Generating a Contact Matrix for Aged Care Settings in Australia: an agent-based model study
University of New South Wales
The 30-Second View
IN SHORT: This study addresses the critical gap in understanding heterogeneous contact patterns within aged care facilities, where existing population-level contact matrices fail to capture the nuanced interactions that drive infection transmission in these high-risk environments.
Innovation (TL;DR)
- Methodology Developed a transferable agent-based modeling framework specifically for aged care settings, parameterized with empirical survey data from 21 aged care workers to capture realistic staff-resident interaction patterns.
- Methodology Integrated proximity-based contact definitions (1.5m and 3m thresholds with 3-second duration) with temporal analysis to identify high-risk contact clustering during structured daily routines like communal activities and care tasks.
- Biology Demonstrated that medium care residents experience the highest infection risk despite not having the highest contact frequency, revealing non-linear relationships between contact patterns and transmission outcomes.
Key conclusions
- Low and medium care residents had the highest contact frequencies (particularly with morning/afternoon shift staff), while high care residents and night staff had substantially fewer contacts, with Poisson regression confirming significant variation by care level and shift (p<0.001).
- Vaccination scenarios reduced predicted transmission by up to 68%, with maximum impact achieved when both staff and residents were vaccinated, demonstrating the multiplicative protective effect of comprehensive vaccination coverage.
- Temporal analysis revealed clustering of high-risk contacts during structured daily routines, with infection risk highest during high-contact shifts and among medium care residents, highlighting the importance of timing in intervention strategies.

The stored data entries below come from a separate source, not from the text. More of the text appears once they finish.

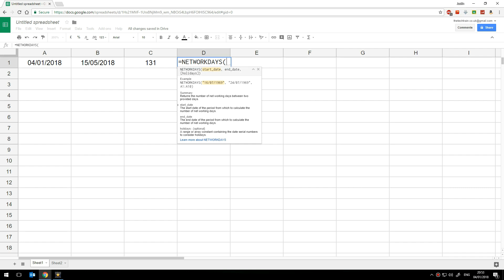And you'll notice that for reasons best known to Google the start date and end date are the opposite way round to the days formula. So with days it wants the end date first and then the start date with network days it wants the start date and then the end date. I've no idea why but it's best just to use that tooltip just to make sure.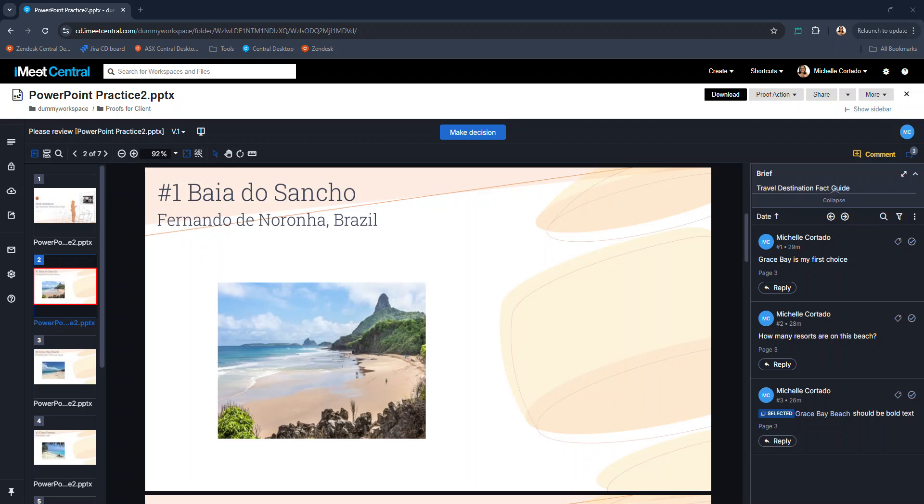Downloads and public links. We have the ability to turn on the download button on any proof. You can allow the user to download the original file.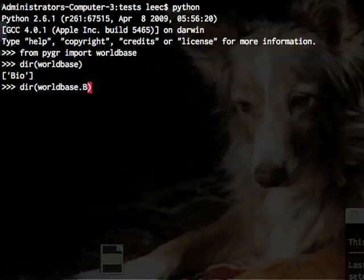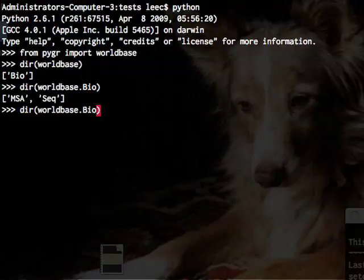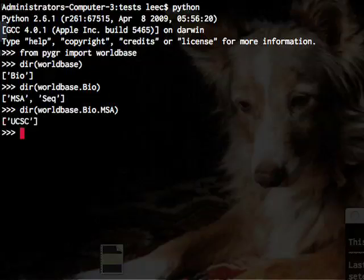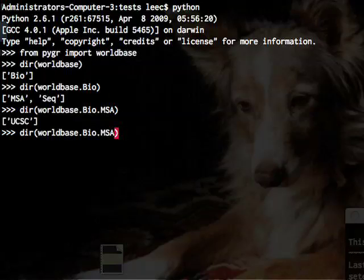So we see a bio inside that, we see multiple sequence alignment and sequence information inside this namespace produced by a vendor called UC Santa Cruz.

Abstract: This study presents an agent-based model (ABM) developed to simulate staff and resident interactions within a synthetic aged care facility, capturing movement, task execution, and proximity-based contact events across three staff shifts and varying levels of resident care. Contacts were defined by spatial thresholds (1.5 m and 3 m) and cumulative duration, enabling the generation of detailed contact matrices. Simulation results showed that low and medium care residents experienced the highest frequency of interactions, particularly with staff on morning and afternoon shifts, while high care residents and night staff had substantially fewer contacts. Contact rates varied significantly by care level and shift, confirmed through Poisson-based regression modelling. Temporal analyses revealed clustering of high-risk contacts during structured daily routines, especially communal and care activities. An integrated airborne transmission module, seeded with a single infectious staff member, demonstrated that infection risk was highest during high-contact shifts and among medium care residents. Vaccination scenarios reduced predicted transmission by up to 68%, with the greatest impact observed when both staff and residents were vaccinated. These findings highlight the importance of accounting for contact heterogeneity in aged care and demonstrate the utility of ABMs for evaluating targeted infection control strategies in high-risk, enclosed environments.